644 Maintaining Steam Traps for Efficient Operation

Steam traps can and do malfunction in two ways. They may stick in the closed position, causing condensate to back up into the steam system, or they may stick open, allowing live steam to discharge into the condensate system. The former type of malfunction is usually quickly detectable, since flooding of a process heater with condensate will usually so degrade its performance that the failure is soon evidence by a significant change in operating conditions. This type of failure can have disastrous effects on equipment by producing damaging water hammer and causing process streams to back up into other equipment. Because of these potential problems, steam traps are often designed to fail in the open position; for this reason, they are among the biggest energy wasters in an industrial plant.

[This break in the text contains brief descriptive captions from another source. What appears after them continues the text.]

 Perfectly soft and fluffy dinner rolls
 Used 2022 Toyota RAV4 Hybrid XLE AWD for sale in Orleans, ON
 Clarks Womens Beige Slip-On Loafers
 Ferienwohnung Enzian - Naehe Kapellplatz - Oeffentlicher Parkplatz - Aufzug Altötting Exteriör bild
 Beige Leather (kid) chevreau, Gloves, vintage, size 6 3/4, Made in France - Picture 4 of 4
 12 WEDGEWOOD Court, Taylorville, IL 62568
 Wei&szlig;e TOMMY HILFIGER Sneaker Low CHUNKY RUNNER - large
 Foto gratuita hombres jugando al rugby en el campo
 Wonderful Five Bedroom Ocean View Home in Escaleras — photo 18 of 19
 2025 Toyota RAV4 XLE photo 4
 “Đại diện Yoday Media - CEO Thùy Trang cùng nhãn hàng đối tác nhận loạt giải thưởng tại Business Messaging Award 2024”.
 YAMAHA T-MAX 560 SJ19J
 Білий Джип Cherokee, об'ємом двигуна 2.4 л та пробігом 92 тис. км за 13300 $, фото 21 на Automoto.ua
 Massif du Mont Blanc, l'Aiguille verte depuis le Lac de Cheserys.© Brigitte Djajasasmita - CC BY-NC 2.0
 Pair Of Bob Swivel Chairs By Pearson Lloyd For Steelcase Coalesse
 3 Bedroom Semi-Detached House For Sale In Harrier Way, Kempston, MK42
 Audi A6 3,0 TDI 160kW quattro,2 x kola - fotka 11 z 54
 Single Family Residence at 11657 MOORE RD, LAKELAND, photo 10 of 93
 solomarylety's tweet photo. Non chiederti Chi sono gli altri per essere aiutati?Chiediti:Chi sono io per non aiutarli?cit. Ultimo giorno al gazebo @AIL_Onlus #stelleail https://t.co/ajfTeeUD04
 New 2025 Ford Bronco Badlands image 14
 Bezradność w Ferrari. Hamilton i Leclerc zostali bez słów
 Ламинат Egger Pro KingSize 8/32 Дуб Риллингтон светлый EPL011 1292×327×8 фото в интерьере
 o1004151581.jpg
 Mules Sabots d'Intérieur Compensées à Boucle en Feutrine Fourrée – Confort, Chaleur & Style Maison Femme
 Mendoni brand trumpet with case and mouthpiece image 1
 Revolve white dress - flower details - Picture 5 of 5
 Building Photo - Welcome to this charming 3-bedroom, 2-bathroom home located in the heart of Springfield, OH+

Broad experience in large process plants using thousands of steam traps has shown that, typically, from 15 to 60% of the traps in a plant may be blowing through, wasting enormous amounts of energy. Table 6.13 shows the cost of wasted 100-psig steam (typical of many process plant conditions) for leak diameters characteristic of steam trap orifices. At higher steam pressures, the leakage would be even greater; the loss rate does not go down in direct proportion at lower steam pressures but declines at a rate proportional to the square root of the pressure. For example, a 1/8-in. leak in a system at 60 psig, instead of the 100 psig shown in the table, would still waste over 75% of the steam rate shown (the square root of 60/100). The cost of wasted steam far outweighs the cost of proper maintenance to repair the malfunctions, and comprehensive steam trap maintenance programs have proven to be among the most attractive energy conservation investments available in large process plants. Most types of steam traps can be repaired, and some have inexpensive replaceable elements for rapid turnaround.